I am using RSelenium
package however as I am very new to web scraping, I could not understand how to make loop with the four available options to get the final table.
https://hindi.iocl.com/lpgdistributors.aspx
I tried the previous discussion on webscraping and modify the code accordingly.
library(RSelenium)
library(rvest)
system("taskkill /im java.exe /f", intern=FALSE, ignore.stdout=FALSE)
rD <- rsDriver(browser = c("firefox")) #specify browser type you want Selenium to open
remDr <- rD$client
remDr$navigate("https://hindi.iocl.com/lpgdistributors.aspx") # navigates to webpage
# select first dropdown list
option <- remDr$findElement(using='id', value="cmbState")
#get all option values from dropdown list
option_values <- option$getPageSource()[[1]] %>%
str_extract_all("1[0-9]{3}")
# select 2nd dropdown list
option <- remDr$findElement(using='id', value="cmbDistrict")
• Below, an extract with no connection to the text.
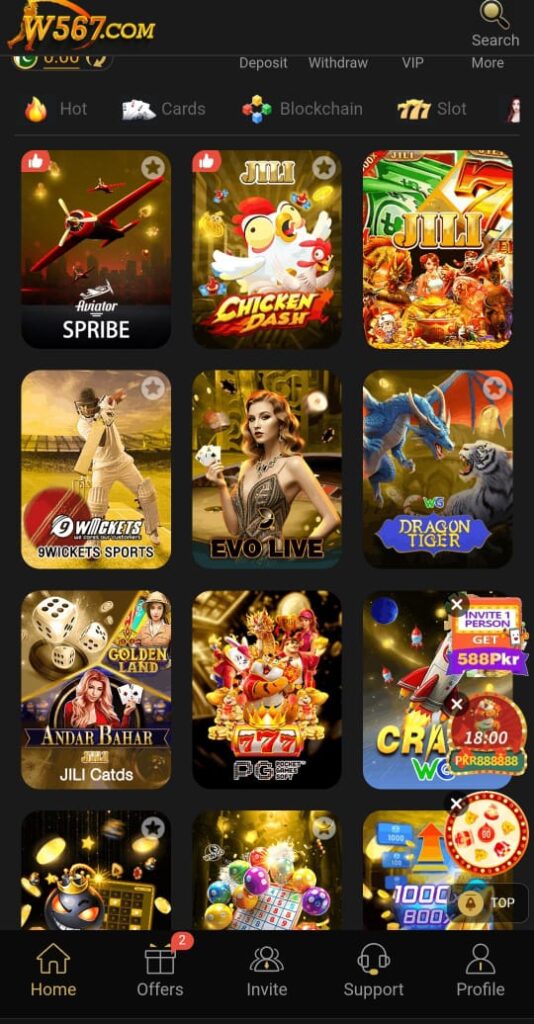 Download w567 casino game and new earn platfrom 2 W567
#get all option values from dropdown list
option_values <- option$getPageSource()[[1]] %>%
str_extract_all("1[0-9]{3}")
# select 3rd dropdown list
option <- remDr$findElement(using='id', value="cmbMarket")
#get all option values from dropdown list
option_values <- option$getPageSource()[[1]] %>%
str_extract_all("1[0-9]{3}")
#select 4th dropdown list
option2 <- remDr$findElement(using='id', value="cmbArea")
#get all option values from dropdown list
option_values_2 <- option2$getElementText() %>%
str_split("\\n") %>%
unlist()
#### create loop to loop over all tables...
option <- remDr$findElement(using='id', value="cmbState")
option <- remDr$findElement(using = 'xpath', "//*/option[@value = '1']") #change '1194' to values in option_values in loop
option$clickElement()
# change dropdown selection
option2 <- remDr$findElement(using='id', value="cmbDistrict")
option2 <- remDr$findElement(using = 'xpath', "//*/option[@value = '185']") #change 'AHB' to values in option_values_2 in loop
option2$clickElement()
# change dropdown selection
option3 <- remDr$findElement(using='id', value="cmbMarket")
option3 <- remDr$findElement(using = 'xpath', "//*/option[@value = '2314']") #change 'AHB' to values in option_values_2 in loop
option3$clickElement()
# change dropdown selection
option4 <- remDr$findElement(using='id', value="cmbArea")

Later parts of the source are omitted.